Declines in Both Redundant and Trace Species Characterize the Latitudinal Diversity Gradient in Tintinnid Ciliates of the Microzooplankton

John R Dolan, CNRS, Laboratoire d'Océanography de Villefranche-sur-Mer, Villefranche-sur-Mer, France and Eun Jin Yang, KOPRI Korea Polar Research Institute, Incheon, Korea, Republic of (South)
Abstract:
Lower species richness with increasing latitude is a well-known biogeographic pattern but rarely considered is how lower species richness may be reflected in the characteristics of species assemblages. Fewer species may equal fewer distinct ecological types, or declines in redundancy (species functionally similar to one another), thus impacting potential adaptability of an assemblage. We focused on tintinnid ciliates of the microzooplankton in which the ciliate cell is housed inside a species-specific lorica or shell. The size of lorica oral aperture, the lorica oral diameter (LOD), is correlated with a preferred prey size and maximum growth rate. Consequently, species of a distinct LOD are distinct in key ecologic characteristics while those of a similar LOD are functionally similar or redundant species. We sampled from East Sea/Sea of Japan to the High Arctic Sea. We determined abundance distributions of biological species and also ecological types by grouping species in LOD size-classes, sets of ecologically similar species.
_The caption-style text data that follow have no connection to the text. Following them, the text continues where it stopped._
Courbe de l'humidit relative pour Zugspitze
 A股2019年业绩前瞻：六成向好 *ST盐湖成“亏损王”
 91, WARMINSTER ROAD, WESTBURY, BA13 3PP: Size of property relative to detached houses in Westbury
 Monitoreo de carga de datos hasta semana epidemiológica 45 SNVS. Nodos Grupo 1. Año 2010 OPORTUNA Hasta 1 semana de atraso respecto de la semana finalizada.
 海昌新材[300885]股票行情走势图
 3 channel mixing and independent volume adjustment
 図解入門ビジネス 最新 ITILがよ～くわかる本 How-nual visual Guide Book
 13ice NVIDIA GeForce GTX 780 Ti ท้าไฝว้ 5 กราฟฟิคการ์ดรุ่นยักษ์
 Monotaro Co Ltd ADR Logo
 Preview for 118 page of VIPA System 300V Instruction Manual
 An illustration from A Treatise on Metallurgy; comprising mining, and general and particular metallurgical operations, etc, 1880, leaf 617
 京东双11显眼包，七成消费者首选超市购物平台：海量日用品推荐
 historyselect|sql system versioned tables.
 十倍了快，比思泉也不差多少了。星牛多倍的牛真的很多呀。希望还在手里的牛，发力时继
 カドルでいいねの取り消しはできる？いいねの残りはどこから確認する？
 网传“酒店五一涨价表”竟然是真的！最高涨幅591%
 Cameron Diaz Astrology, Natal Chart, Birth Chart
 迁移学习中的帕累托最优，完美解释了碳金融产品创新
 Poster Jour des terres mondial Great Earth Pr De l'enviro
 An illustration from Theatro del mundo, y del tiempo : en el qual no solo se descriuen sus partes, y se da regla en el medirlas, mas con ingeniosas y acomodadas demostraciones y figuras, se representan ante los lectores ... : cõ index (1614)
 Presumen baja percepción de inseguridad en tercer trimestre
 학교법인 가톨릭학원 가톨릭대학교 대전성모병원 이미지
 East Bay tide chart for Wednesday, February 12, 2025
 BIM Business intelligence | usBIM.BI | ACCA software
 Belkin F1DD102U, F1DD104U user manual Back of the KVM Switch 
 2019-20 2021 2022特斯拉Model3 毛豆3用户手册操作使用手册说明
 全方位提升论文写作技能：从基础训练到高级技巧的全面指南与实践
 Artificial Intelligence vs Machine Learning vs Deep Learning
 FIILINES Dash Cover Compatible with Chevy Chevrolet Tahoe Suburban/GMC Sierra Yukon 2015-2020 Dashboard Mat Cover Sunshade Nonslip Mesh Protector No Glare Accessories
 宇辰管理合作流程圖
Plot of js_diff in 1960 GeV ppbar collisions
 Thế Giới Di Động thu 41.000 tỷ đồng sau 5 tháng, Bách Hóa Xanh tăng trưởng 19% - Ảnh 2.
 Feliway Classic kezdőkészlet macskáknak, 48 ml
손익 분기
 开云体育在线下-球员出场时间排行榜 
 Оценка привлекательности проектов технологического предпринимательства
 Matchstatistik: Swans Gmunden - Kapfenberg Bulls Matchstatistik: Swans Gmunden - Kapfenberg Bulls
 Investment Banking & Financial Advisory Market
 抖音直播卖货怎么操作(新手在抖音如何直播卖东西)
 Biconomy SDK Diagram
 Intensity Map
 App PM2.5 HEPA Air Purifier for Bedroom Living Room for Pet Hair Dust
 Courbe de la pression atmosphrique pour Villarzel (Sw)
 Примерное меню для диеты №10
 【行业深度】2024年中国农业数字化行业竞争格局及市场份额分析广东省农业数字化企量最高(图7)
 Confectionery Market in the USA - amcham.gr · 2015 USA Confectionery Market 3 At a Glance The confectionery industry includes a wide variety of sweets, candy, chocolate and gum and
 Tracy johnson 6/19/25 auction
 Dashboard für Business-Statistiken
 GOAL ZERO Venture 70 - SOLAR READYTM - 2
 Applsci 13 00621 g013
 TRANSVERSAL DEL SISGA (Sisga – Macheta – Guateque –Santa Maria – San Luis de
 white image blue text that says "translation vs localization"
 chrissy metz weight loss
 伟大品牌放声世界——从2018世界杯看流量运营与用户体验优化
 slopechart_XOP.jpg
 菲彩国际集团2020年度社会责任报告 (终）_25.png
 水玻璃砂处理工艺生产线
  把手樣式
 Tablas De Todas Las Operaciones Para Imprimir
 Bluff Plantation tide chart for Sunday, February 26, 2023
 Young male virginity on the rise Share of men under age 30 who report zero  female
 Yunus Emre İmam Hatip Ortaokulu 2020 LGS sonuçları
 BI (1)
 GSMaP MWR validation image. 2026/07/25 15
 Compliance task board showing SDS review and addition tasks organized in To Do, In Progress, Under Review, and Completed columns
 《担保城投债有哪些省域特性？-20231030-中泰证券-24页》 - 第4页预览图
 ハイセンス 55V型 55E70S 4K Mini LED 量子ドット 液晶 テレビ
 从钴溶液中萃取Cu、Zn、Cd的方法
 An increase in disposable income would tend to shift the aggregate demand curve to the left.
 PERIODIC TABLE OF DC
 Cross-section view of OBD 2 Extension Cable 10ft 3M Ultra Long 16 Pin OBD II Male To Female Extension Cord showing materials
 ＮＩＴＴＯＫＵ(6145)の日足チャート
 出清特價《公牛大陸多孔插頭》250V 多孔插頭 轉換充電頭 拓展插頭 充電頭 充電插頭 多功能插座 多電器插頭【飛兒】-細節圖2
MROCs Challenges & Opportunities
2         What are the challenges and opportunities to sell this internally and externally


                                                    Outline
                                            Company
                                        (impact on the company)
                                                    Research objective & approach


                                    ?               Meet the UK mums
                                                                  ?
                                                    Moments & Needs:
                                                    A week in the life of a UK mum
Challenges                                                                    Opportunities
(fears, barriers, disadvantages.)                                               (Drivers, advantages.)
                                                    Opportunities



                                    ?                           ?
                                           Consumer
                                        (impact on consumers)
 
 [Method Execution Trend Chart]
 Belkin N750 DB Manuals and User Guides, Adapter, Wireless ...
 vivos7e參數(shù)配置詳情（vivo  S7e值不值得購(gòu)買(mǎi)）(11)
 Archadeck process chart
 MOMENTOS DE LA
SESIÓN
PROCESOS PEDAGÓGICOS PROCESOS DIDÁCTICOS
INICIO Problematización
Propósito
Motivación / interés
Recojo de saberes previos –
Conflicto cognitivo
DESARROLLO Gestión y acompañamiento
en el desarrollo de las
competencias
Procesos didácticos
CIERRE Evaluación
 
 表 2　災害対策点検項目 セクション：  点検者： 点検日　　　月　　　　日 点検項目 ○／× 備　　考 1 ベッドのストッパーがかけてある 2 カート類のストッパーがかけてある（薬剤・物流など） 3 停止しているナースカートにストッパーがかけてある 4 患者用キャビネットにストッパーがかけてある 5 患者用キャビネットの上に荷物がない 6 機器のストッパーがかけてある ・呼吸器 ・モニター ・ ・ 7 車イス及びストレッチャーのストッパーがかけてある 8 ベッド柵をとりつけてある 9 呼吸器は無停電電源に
Across the 5 assemblages, the overall size range of LODs was unchanged but there were declines in both the number of LOD size-classes occupied within the range, the portion of LOD size-classes containing multiple species, and numbers of trace species, those encountered as single individuals. In lower latitudes there are more size-classes and dominant species are accompanied by many apparently ecologically similar species, presumably able to replace the dominant species, at least with regard to the size of prey exploited. Such redundancy appears to decline markedly with latitude in assemblages of tintinnid ciliates.